Já foi ao encontro deles?
Toda a vontade tem um limite. No ciclo das massas, o que se busca são as músicas que tocam em rádios, a que chamamos música popular.
Não faz música comercial?
Faço música calma. Não é minha intenção que a minha música não seja comercial, porque tudo é comercial. Mas o que acontece é que o mundo é caminhado com base numa mecânica. Existem códigos totalmente comerciais. Vou mais pela humanização.
O que pretendia dizer com a frase “não é qualquer um que chega a Nova Iorque e canta”?
Disse isso quando fiz a primeira apresentação em Nova Iorque, nalgumas salas de música. Todo o mundo sonha em cantar em Nova Iorque, mas nem todos têm capacidade de cantar e encantar.
Existem cantores que recebem convites para actuar em discotecas e dizem que estão em tournée?
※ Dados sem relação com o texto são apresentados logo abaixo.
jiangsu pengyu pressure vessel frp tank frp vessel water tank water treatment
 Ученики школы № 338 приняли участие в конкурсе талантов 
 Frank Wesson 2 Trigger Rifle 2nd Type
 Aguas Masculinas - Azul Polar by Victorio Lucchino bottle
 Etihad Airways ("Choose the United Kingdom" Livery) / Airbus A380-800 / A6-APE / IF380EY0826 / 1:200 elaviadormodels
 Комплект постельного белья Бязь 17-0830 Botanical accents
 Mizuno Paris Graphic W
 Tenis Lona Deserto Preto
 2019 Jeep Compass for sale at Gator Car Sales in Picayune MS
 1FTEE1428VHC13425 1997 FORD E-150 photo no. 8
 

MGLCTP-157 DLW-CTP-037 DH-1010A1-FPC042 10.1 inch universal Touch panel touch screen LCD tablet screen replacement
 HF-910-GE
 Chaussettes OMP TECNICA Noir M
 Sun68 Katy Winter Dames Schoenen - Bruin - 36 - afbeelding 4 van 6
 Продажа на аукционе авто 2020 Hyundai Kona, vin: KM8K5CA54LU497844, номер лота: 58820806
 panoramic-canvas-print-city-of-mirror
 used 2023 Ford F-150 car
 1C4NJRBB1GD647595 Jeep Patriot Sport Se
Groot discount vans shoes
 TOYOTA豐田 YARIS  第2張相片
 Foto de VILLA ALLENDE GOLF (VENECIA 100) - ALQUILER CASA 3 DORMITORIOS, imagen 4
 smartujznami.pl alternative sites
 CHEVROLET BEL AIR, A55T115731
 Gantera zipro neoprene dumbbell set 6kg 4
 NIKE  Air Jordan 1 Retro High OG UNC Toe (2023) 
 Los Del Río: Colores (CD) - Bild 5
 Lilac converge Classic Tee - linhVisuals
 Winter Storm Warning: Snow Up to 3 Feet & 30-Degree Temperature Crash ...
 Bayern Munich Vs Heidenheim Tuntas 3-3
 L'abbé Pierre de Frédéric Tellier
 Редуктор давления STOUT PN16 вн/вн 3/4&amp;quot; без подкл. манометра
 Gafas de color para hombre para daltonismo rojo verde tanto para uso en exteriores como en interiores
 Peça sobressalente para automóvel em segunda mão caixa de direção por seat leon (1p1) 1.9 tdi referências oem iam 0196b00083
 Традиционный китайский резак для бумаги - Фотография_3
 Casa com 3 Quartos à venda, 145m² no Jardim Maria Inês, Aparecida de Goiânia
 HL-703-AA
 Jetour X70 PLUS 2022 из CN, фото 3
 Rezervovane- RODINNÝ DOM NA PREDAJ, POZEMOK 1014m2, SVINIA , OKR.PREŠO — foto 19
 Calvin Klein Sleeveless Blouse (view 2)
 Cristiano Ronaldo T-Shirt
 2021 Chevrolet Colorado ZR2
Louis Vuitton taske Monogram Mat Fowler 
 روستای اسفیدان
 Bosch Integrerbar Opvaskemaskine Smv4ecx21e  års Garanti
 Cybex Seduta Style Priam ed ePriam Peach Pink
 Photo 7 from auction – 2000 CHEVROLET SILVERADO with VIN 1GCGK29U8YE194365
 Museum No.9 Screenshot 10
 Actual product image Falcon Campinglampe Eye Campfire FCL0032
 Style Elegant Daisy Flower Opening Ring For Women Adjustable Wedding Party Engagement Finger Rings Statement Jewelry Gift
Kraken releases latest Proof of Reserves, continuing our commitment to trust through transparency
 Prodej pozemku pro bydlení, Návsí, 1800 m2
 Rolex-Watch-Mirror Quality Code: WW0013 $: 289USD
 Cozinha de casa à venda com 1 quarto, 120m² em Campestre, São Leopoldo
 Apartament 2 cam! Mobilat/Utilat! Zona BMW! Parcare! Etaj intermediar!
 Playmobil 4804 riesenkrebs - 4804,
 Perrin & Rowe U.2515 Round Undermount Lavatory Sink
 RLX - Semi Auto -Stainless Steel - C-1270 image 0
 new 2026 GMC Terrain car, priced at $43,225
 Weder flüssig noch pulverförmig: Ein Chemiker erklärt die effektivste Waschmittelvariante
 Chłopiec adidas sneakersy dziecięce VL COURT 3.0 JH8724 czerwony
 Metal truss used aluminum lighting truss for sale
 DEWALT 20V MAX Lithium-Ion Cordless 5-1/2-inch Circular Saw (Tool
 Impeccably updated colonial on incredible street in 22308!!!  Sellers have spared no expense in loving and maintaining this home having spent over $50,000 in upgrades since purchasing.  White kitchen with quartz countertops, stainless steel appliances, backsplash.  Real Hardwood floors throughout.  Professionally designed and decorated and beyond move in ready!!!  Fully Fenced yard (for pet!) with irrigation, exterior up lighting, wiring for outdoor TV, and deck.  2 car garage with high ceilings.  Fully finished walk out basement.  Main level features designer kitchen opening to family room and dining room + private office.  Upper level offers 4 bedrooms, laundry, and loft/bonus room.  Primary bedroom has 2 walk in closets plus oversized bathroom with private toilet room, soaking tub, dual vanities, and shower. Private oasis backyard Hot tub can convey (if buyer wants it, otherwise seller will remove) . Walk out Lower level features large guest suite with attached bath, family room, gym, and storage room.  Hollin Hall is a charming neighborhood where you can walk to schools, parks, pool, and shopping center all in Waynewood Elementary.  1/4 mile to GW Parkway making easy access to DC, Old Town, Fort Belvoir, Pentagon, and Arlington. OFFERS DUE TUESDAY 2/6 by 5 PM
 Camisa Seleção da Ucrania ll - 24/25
Nunca saí de Angola para cantar para a comunidade angolana, talvez pela identidade da minha música, talvez porque é tida como música universal. Quando vou, canto para o público residente, em festivais e salas reconhecidas e, na maior parte, não há angolanos.
A que se deve a falta de convites?
Se semeares batata não colhes mandioca. A maior parte dos artistas preocupa-se mais com o mercado angolano. Em Nova Iorque, cantei em Silvana, Harlem entre outros espaços, onde passam músicos de todo o mundo.
O seu estilo já é respeitado?
É uma música em compreensão.
Como assim?
Não é algo ainda tão entendido como devia ser. Tudo porque falta valorização e mais divulgação, não da minha parte. Fazemos parte de uma sociedade e ninguém faz nada sozinho, cada um tem de fazer a sua parte. Faço a minha e alguém tem de divulgar.
Como se descreve?
Sou artista eclético, alguém que é apaixonado por tudo quanto seja som, produzido pelo motor ou de forma natural, desde que goste e ache que deva fazer parte da minha música.
Como vê a música angolana?
Preocupamo-nos muito com o imediatismo. Precisamos de explorar mais as nossas coisas do interior.
PERFIL
Nkanga Jack Fernando, conhecido como Jack Nkanga, é compositor, autor e produtor. Canta e toca sobretudo soul e funk rock, tem um único CD e já recebeu dois prémios. Em 2014, venceu a ‘Balada do Ano’, no Top Rádio Luanda e, este ano, venceu o festival internacional ‘Le Rêve Africain’, em França. Na música, Teta Lando, David Zé, Lokua Kanza, James Brown, Bob Marley são referências suas. É fundador da produtora Konono Soul.